Second, do women and men benefit equally? As noted above, women are underrepresented in most of Rothwell's meta-analyses. It is not enough to adjust for sex; it is necessary to show that there is real benefit to women. There are other relevant data, including the long-term outcome of aspirin intervention in the Women's Health Study, where more than 40,000 women showed no benefit from aspirin after 12 years of follow-up (10). Furthermore, we found that there was no overall association between colorectal cancer survival and prediagnostic nonsteroidal anti-inflammatory drug (NSAID) use in women but that, paralleling the second Rothwell study (5), there was a reduction in mortality from proximal colon cancer (11). In today's CEBP, a paper from the Multi-Ethnic Cohort (12) shows no benefit of aspirin or nonaspirin NSAIDs to the incidence of either ovarian (n = 275) or endometrial (n = 620) cancer after follow-up of more than 13 years among approximately 64,000 women; there were no differences by ethnicity.
Third, in both Seshasai (9) and Rothwell (8), as well as elsewhere (13), GI bleeding and hemorrhagic stroke are elevated (14). One might want to argue that, if aspirin is successful as adjuvant cancer therapy, increased deleterious consequences are acceptable. Nonetheless, it remains a problem for any widespread long-term preventive agent. Furthermore, even the benefit as therapy, because of the data of Seshasai (9), remains unclear.

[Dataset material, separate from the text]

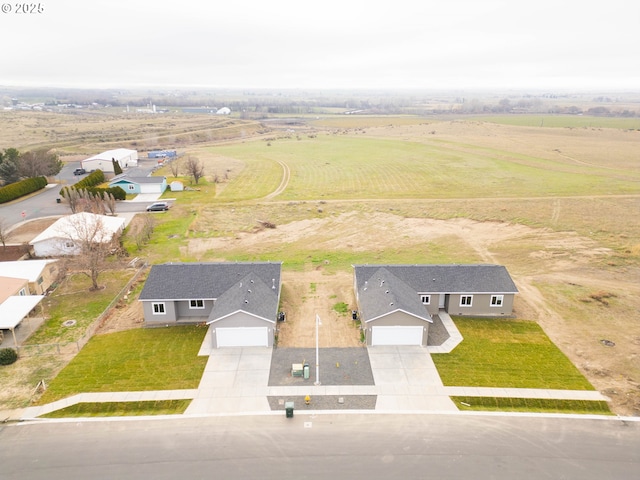 bird's eye view with a rural view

Finally, there is the problem of chemoprevention generally. There have been more deleterious than beneficial outcomes from single-agent chemoprevention (15). Although it seems to come as a surprise to many, evolution by natural selection is the norm for living creatures and no more visible anywhere than among cancer cells. For the same reason that we avoid single-agent chemotherapy (resistant cells grow out, even if the agent kills 99.99%), should we avoid single-agent chemoprevention (16)? It is intriguing that aspirin is different and, like just a few other therapies (e.g., tamoxifen), seems to be effective as a single-agent preventive. There are data to show that prevention strategies that mimic multiagent chemotherapy have modest but real benefit [e.g., exercise and low-fat diets (17)]. Does aspirin modify multiple pathways to cancer and thus act as a though it were a multiagent regimen? Could that pleiotropy also explain the sex and dose-regimen differences? One thing is clear: aspirin acts to inhibit prostaglandins, which have both cytoprotective and proinflammatory effects; those effects are widespread (18) and still being identified. The most recent and intriguing is evidence of growth promotion in GI tumors via effects on DNA methylation (19).
It is not yet time to identify aspirin as a chemotherapeutic agent and there seems to be yet no agreement on its use as a preventive for cancer (20, 21), even if it shows clear benefit for men at risk of heart disease (22).